-------- Task input

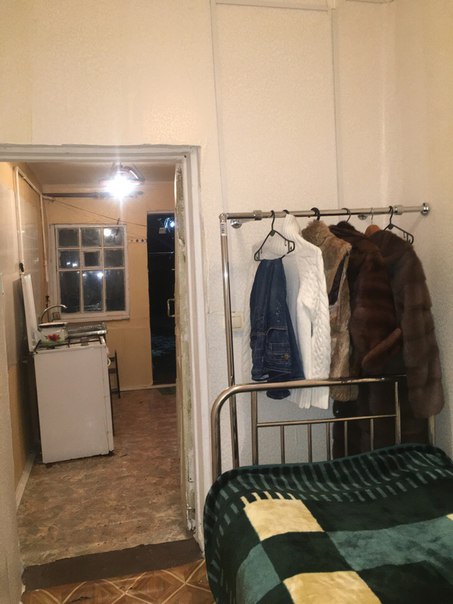 Фото: Собственник. Сдаю очень маленький, но зато очень недорогой, даже дешевле, чем комната, домик. Природа, озеро, сосны, свежайший воздух, 5 минут пешком до станции Кратово.<br>В домике новый ремонт, комната 5 метров и кухня 6 метров, газ, отопление, необходимая мебель. Душа нет, есть раковина и новый туалет на улице. <br>30 минут на электричке от м.Выхино или Авиамоторная, 40 мин.от м.Перово, 50 мин.от м.Комсомольская или м.Электрозаводская. <br>Стоимость 12 т.р. плюс свет, вода, залог.<br>Тел., вотсап: 89151230904 или в личку.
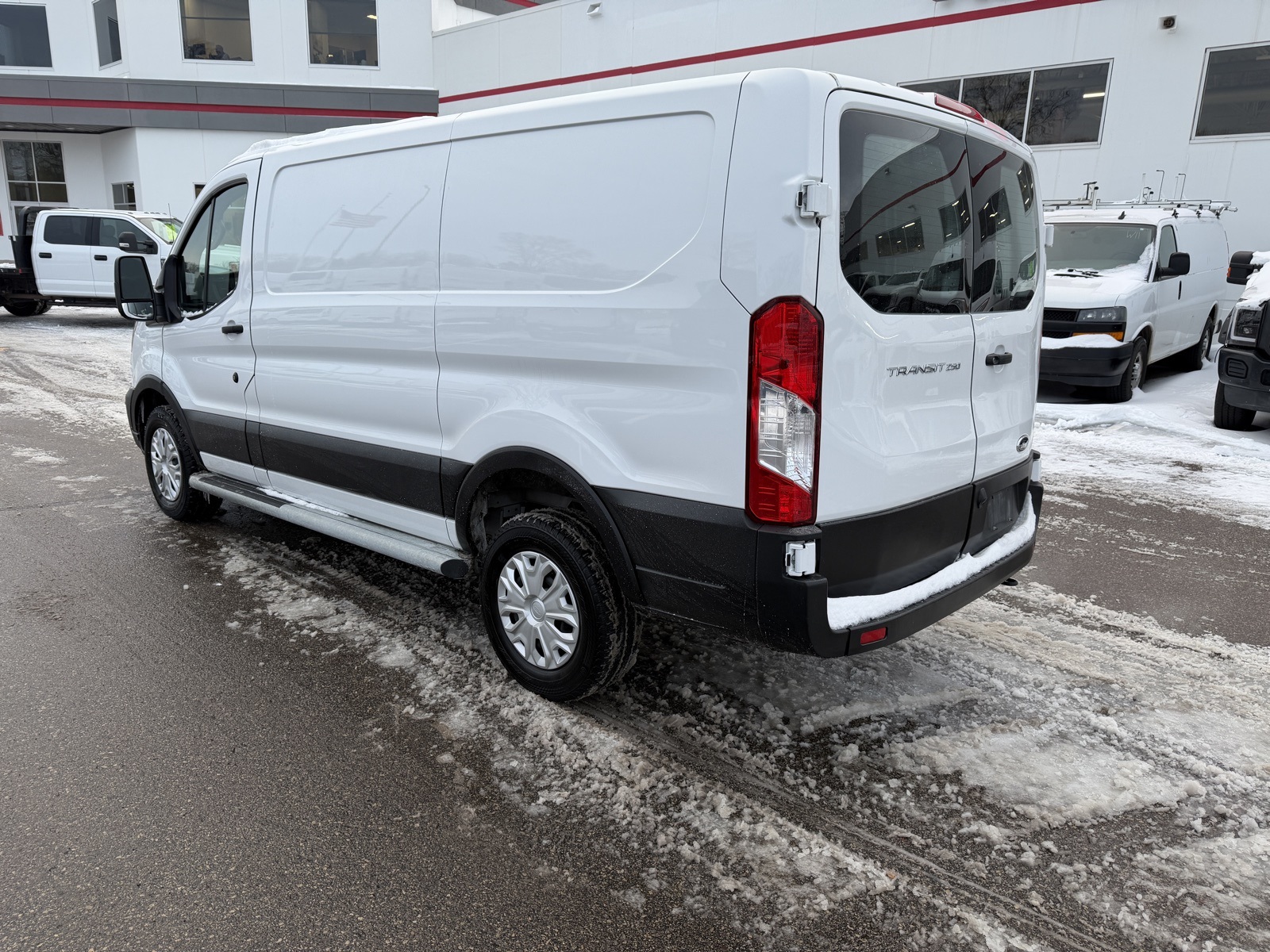 2024 Ford Transit photo 3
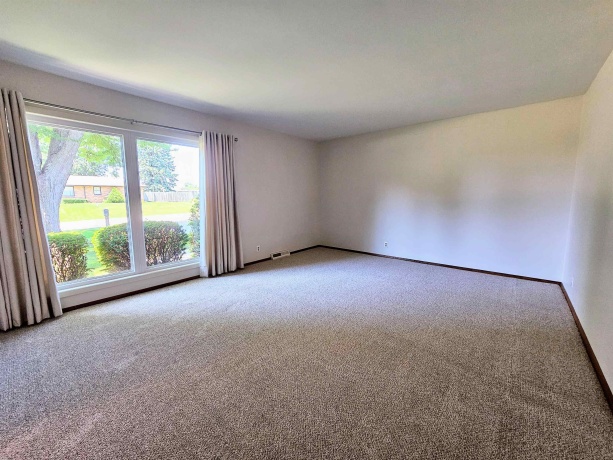742 Aura, ROCKFORD, Illinois 61108, 3 Bedrooms Bedrooms, ,2 BathroomsBathrooms,House,For Sale,Aura,202604306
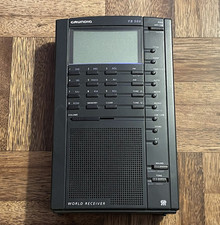 Vintage Grundig Yacht Boy 500 World Receiver YB500 FM/MW/LW/SW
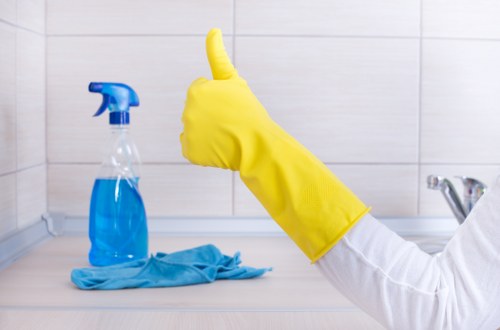Move out cleaning preparation for a property handover in SE13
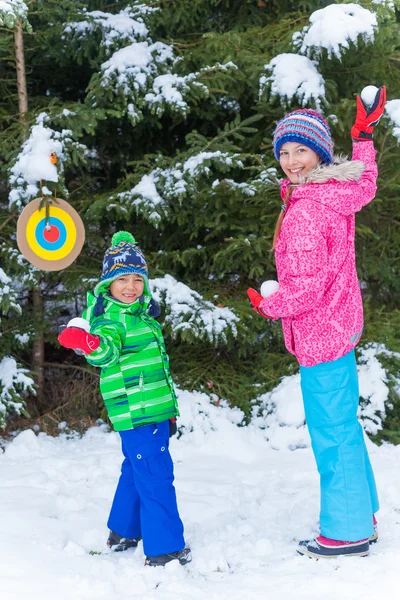 Barnen fiska i snön — Stockfoto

----------------

▶ **Task goal**
From the line containing "Vintage Grundig Yacht" through the last line of the records above, reproduce every line exactly, leaving out the pictures.

▶ **Task solution**
 Vintage Grundig Yacht Boy 500 World Receiver YB500 FM/MW/LW/SW
Move out cleaning preparation for a property handover in SE13
 Barnen fiska i snön — Stockfoto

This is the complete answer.